En Bogotá (Colombia) hay una norma que establece la aplicación obligatoria del lenguaje incluyente. Entre sus nefastas consecuencias se encuentra que a los menores de edad se les niegue el acceso a buen material didáctico por el simple hecho de no atentar contra el español y por estar escritos de manera comprensible y de fácil legibilidad (que es lo que uno esperaría de libros educativos).
En una brillante reflexión al respecto, José Flórez pone de manifiesto los disparatados extremos a los que ha llegado este engendro nacido de las entrañas de la corrección política:
Me pasó hace unos días mientras asesoraba a una de mis clientes para proveer material didáctico infantil a una entidad pública. Luego de examinar y admirar el libro en cuestión la funcionaria (integrante de un gobierno cuya cabeza no se caracteriza exactamente por su buen castellano) formuló el único reparo: era necesario que el texto hablara sistemáticamente de “los niños y las niñas” o de lo contrario el Distrito, que promueve el lenguaje incluyente, ¡no podría adquirirlo! Grave, gravísimo: ahora la paráfrasis verbal y la cacofonía son componentes esenciales de la “revolución educativa” que se le prometió a Bogotá.

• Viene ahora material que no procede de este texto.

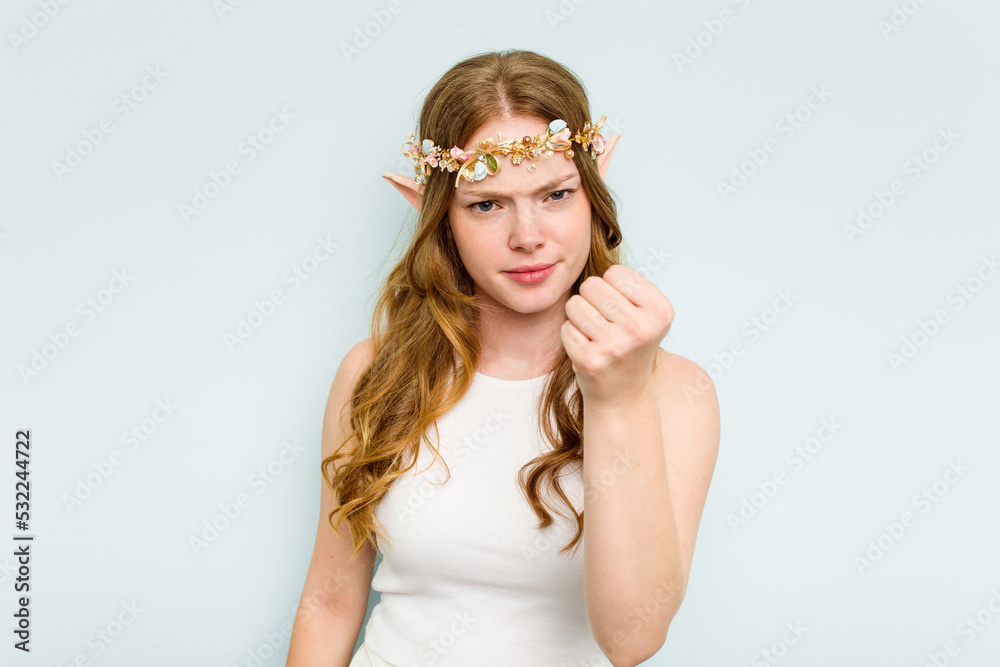 Young elf woman isolated on blue background showing fist to camera, aggressive facial expression. Young elf woman isolated on blue background showing fist to camera, aggressive facial expression.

El lenguaje incluyente resulta además contraproducente como herramienta de lucha feminista. Andar por ahí hablando de “los niños y las niñas”, “los estudiantes y las estudiantes”, “los ciudadanos y las ciudadanas”, “los contribuyentes y las contribuyentes”,“los líderes y las lideresas”, no solo acusa falta de gusto e insensibilidad idiomática flagrantes sino que ridiculiza y con ello desvaloriza al feminismo serio, el que invierte su energía en obtener verdaderas conquistas sociales en lugar de dilapidarla en vendettas lexicales.
Y es que el lenguaje incluyente es justamente venganza y refugio del feminismo frustrado cuya premisa pareciera ser: como no pudimos acabar con la discriminación hagámoslo con el idioma. Ese mismo feminismo malogrado y mezquino que profesan las voceras de la “crítica metafísica” de la silicona y el botox. Mujeres que al parecer compensan la insatisfacción con su propio cuerpo pretendiendo imponer a otras lo que deben hacer con el suyo. Son mujeres que nunca entendieron la filosofía que subyace a todo feminismo inteligente: la defensa del imperio absoluto de la mujer sobre su vida, que desde luego incluye la libertad de agrandarse las tetas, aumentar el grosor de los labios o hacer desaparecer las arrugas por la única razón de que así lo desean.
Entre otras de las secuelas de este esperpento se encuentran la destrucción del español a una velocidad apabullante. La fuerza de ese proceso es tal que se está cargando al feminismo mientras hace morir de vergüenza ajena a todos los filólogos.
Como con toda ideología falaz, su práctica sólo conlleva a desastres.